En la mañana fría de enero el viejo laurel le da la espalda al olivar y al cielo que se empecina en permanecer despejado. El que siempre fue árbol perenne hoy se muestra desnudo de sus hojas aromáticas. El viejo laurel ahí plantado, en lo que parece su agonía, aunque en su parte delantera asoman varetas que intentan tomar el relevo, llegó hace ya muchos años a lo que hoy es borde de era. Pero antes de llegar a ese lugar elevado tuvo otra vida.

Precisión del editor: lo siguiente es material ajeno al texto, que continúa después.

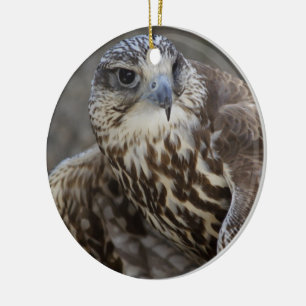 Falco cherrug keramisch ornament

Él ya estaba en la casa cuando yo llegué a ella siendo un niño de muy pocos años. Se disputaba el espacio del gran patio empedrado con el naranjo, el limonero, la parra y el melocotonero. Se rodeaba de ficus y aspidistras y en verano rivalizaba con el jazmín de enfrente. Se apoyaba en la pared medianera con la sala en la que mi padre descarnaba los cerdos de la matanza y en la que se guardaban los melones del verano. Creo recordar que cuando se hizo la obra del nuevo cuerpo de casa el laurel estorbaba para la obra que iba a ampliar la vivienda.

Fue entonces cuando viajó al cortijo y retomó su vida en ese otro patio, el que separaba la cocina y los dormitorios de la cuadra, el patio al que daban algunas salas en las que durmieron segadores y meloneros. Allí, junto a la adelfa, que también viajó de la casa al campo, el laurel exhibía frondosidad y seguía suministrando sus hojas para guisos y fritos. Luego, cuando el viejo cortijo fue demolido por el paso del tiempo y los robos de sus tejas, quedó libre de paredes y comenzó una nueva etapa de su vida.

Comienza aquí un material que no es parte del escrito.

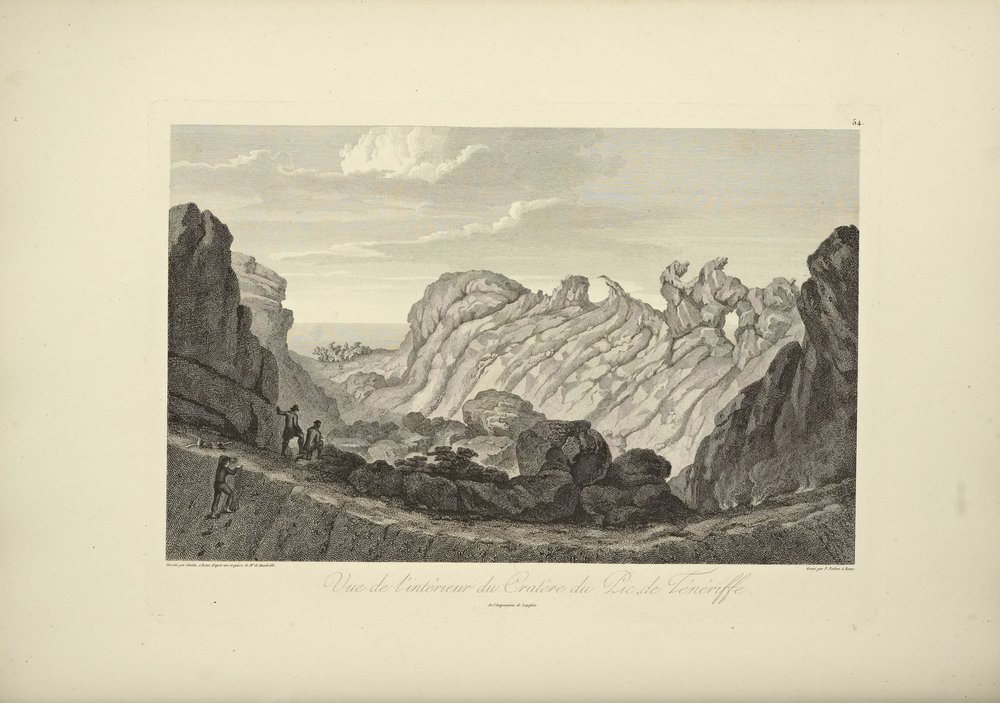 View of the Interior of the Crater of the Peak of Tenerife, drawn by Gmelin, illustration from "Vues des Cordillères et Monumens des Peuples Indigènes de l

Plantado en el mismo lugar pero sin muros que lo cercaran, se asomó a la era y a las parcelas del rueo (las parcelas que rodeaban el cortijo), miró a la carretera que discurre recta durante tres kilómetros, se meció con el viento que antiguamente esperaban los ereros tras la trilla y antes de aventar la parva de trigo, conoció los cortijos de Marquillos y Malagón, el arroyo de La Leche y el camino Pedrique… Desde su atalaya vivió días de frío, de viento solano, de noches estrelladas. Y vio marcharse a quien lo trasladó de la casa al campo, a mi padre, aquel que tantas horas, tanta vida dedicó a todo lo que sigue rodeando al viejo laurus nobilis. Hoy lo he mirado en la soledad de la mañana fría de enero y he vuelto a mi infancia de niño de patio y aroma de laurel.

Espinacas de mar

Les contaba el otro día que la fotografía de la izquierda y una de las palabras usadas en el texto que la acompañaba me habían traído algunos recuerdos sobre los que pensaba escribir. Son estos…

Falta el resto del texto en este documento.